* [EXCERPTED DATA]:
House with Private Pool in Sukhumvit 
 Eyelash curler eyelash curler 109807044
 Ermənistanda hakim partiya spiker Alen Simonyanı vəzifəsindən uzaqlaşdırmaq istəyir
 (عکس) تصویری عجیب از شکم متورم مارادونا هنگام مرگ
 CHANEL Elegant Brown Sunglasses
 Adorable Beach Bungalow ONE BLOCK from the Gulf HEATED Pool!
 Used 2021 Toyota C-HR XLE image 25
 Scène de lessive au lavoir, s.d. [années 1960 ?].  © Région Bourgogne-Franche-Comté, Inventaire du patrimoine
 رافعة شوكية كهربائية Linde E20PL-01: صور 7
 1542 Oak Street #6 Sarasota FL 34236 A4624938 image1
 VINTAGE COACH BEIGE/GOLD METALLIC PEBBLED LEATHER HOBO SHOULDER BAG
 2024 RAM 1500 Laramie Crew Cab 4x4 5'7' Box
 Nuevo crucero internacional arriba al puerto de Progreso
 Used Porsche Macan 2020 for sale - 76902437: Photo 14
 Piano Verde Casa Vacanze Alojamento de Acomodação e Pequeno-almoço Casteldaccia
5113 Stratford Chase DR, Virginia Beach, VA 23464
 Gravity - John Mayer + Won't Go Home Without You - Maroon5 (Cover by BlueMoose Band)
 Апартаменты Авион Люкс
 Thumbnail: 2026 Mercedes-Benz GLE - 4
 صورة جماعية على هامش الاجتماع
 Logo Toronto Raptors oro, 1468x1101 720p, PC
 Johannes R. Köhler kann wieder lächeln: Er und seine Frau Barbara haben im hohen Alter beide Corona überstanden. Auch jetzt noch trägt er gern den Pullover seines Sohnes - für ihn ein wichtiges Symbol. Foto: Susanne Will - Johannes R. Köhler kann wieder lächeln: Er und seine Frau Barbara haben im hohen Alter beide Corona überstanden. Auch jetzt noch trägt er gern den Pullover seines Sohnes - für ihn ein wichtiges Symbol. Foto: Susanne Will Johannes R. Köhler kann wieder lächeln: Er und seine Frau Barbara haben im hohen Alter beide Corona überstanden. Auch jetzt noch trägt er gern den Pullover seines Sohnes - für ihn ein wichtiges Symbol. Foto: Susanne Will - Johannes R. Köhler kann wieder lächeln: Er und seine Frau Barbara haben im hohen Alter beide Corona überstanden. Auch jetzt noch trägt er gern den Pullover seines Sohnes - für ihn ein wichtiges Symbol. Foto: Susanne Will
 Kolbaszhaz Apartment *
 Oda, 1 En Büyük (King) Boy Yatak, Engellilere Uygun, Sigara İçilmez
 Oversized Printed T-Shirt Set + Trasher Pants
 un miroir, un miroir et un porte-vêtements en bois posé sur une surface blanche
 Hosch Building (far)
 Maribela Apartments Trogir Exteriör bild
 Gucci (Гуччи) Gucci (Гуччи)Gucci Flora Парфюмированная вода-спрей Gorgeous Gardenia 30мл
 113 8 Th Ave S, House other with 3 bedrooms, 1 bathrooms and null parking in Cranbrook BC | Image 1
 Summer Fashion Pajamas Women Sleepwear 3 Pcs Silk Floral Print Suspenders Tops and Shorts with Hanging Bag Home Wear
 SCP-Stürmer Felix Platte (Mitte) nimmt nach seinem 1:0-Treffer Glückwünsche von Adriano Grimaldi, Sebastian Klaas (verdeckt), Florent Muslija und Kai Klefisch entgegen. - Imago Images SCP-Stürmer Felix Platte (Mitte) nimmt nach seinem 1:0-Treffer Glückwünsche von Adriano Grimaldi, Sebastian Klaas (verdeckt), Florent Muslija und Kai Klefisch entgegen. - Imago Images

* [AIM OF THE TASK]: Would you quote everything above from the line containing "Апартаменты Авион Люкс" down to the line containing "Logo Toronto Raptors oro, 1468x1101 720p, PC"? Include both of those lines and nothing else.

* [FINISHED EXERCISE]:
 Апартаменты Авион Люкс
 Thumbnail: 2026 Mercedes-Benz GLE - 4
 صورة جماعية على هامش الاجتماع
 Logo Toronto Raptors oro, 1468x1101 720p, PC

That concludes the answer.